工務店応援記―道は開ける

1、厳しい住宅環境

 今、日本の工務店は厳しい環境におかれている。住宅不況がやってきていて、苦戦を余儀なくされている。

まじめに取り組んでいても、受注ダウンになったり、利益が減少したりしている。

そのためこの激風を乗り切ってもらいたく、各地で頑張っている地場工務店を応援し、少しでも改善に役立ってもらいたいとの思いで工務店の応援記を書く。

2、地域特性をいかした住宅

 地域の気候風土や文化をよく理解する地場の工務店が頑張らないと、日本の住宅はおかしくなってしまう。

充分に役割は果たしているが、工業化された住宅や、いわゆるローコスト住宅では日本の文化を発展させることはできない。

仕事柄、日本全国を回るが各地で無国籍住宅とでもいうべき住宅が建っている。

どこの県に来たのかわからないくらい特長がないものが多い。寂しく思うものである。


 日本は狭いといっても北海道から九州・沖縄まで気候風土はまったく違う。

当然文化も微妙に異なっている。

だから住宅も違ってよいのだが、どこに行っても北海道を除けば、みな同じである。

器としての住宅の性能だけが評価され、使う材料も同じで、デザインも同じで特徴がなく、味気がない住宅ばかりで感動はない。

もう少し地域特性や文化を反映した住宅があってもよいのではないかと思う。


 その中でしっかり地方の特性や文化を理解し、地産地消など、それをしっかり反映しながら住宅としての必要機能をもりこんだ素晴しい住宅を建てている工務店がある。

これを見るとほっとする。

またこのような住宅に住んでいる人々は幸せだと思う。

3、本物の住宅づくり

 今の住宅は性能・機能ばかりで、人間の持つ微妙な感性をも否定するかのごとく安らぎがない。

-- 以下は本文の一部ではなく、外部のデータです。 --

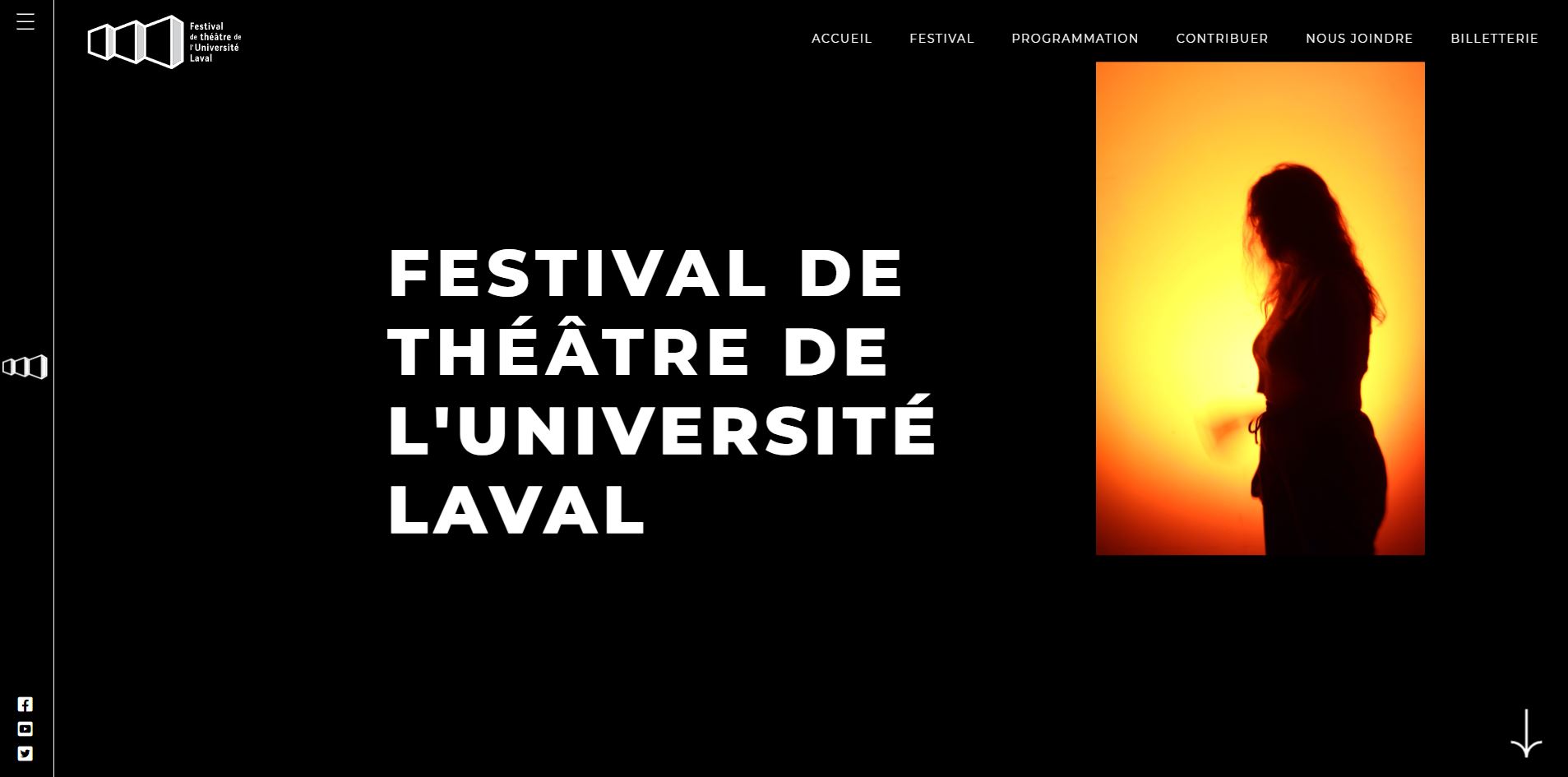Theatre Festival of Laval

自然科学ばかりでなく、もっと広い範疇での住宅をとらえるべきである。

そして病気になるような住宅はありえないことで、もっと健康に役立つ住宅でなければならない。

これに対してもきちんと対応している地場工務店がある。逆に健康増進させることを目的とした住宅をつくってもいる。

4、こだわりと売れること

 ただ気をつけなければならないことは、良い住宅が売れるわけではないこと、良い住宅会社が成長するのではないことである。

えてしてこだわりの良い住宅をつくる企業は、錯覚する場合が多い。

こだわりを追求していると楽しくもある。

しかし販売がおろそかであり、市場開拓力がない。宣伝や広報が弱い。
 

 

 逆にこだわりが販売に向いている企業がある。

商品は見栄えを良くし、価格的にもうまく購買欲に訴えている。

売ることと成長することが目的であり、施工など手間隙かかるものは適当な消化対応であり、品質や現場きれいなどにこだわらない。

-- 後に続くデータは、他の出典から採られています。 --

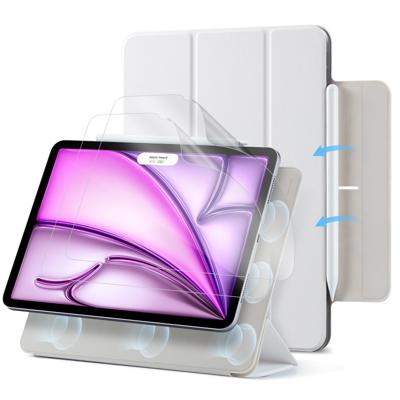 iPad Air 13ʺ (2025/2024) Rebound Art Bundle - Brilliant White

充分な品質管理力がなくてもクレームさえ発生しなければよいとしている。

しかしこの企業が売れていたり成長したりしている。

不愉快なことであるが、これが現実であり、避けるわけにはいかない。


 良い住宅をつくる良い住宅会社に伸びてほしい。

売ることや、どうしたら売れるかについて真剣に取り組んでほしい。

住宅業界は過去恵まれた業界であったため、あまり真剣に考えたり、努力をしてきていない。

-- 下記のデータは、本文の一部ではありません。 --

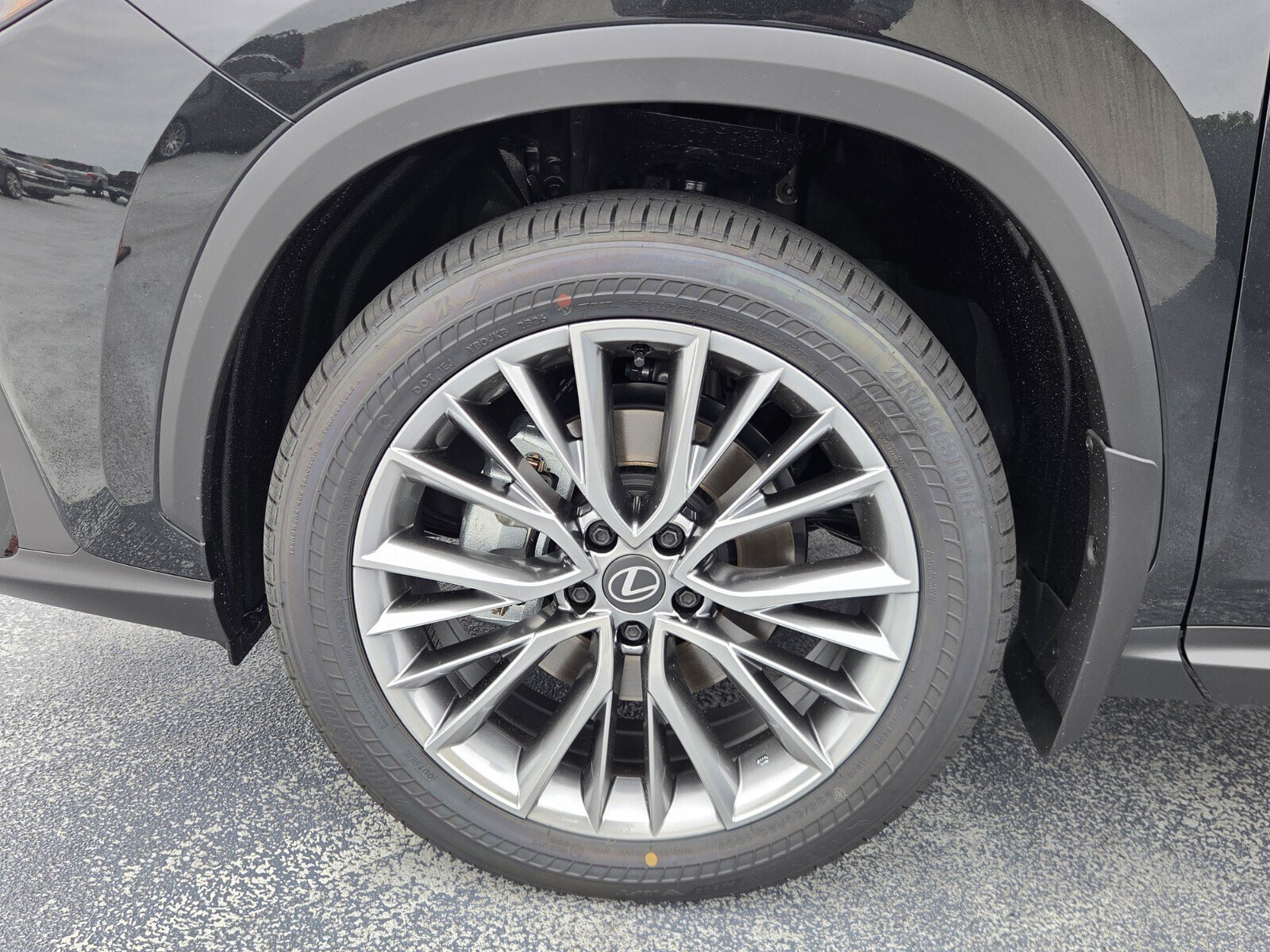 New 2026 Lexus NX 350 AWD w/ Accessory Package (Z1) image 10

こだわりがあるが、つくることだけでは、やはり厳しい時代には通用しない。

営業のない会社はない。

しかし営業マンがいなくても受注の順調な会社もある。

ようはこだわりや特長をうまくユーザーにアピールして受注できるようにすることである。


 どんな不況のときでも順調な企業がある。

それは役立ちと売ることに真剣な会社である。

考え、検討し、工夫し、創造する企業である。地場工務店も売ること、売れることに思いをはせて、考え、工夫し、創造しなければならない。

しっかりユーザーを見据え、役立ちのこだわりと、コミュニケーションに力を入れることである。マーケットはある。そうすれば必ず道は開ける。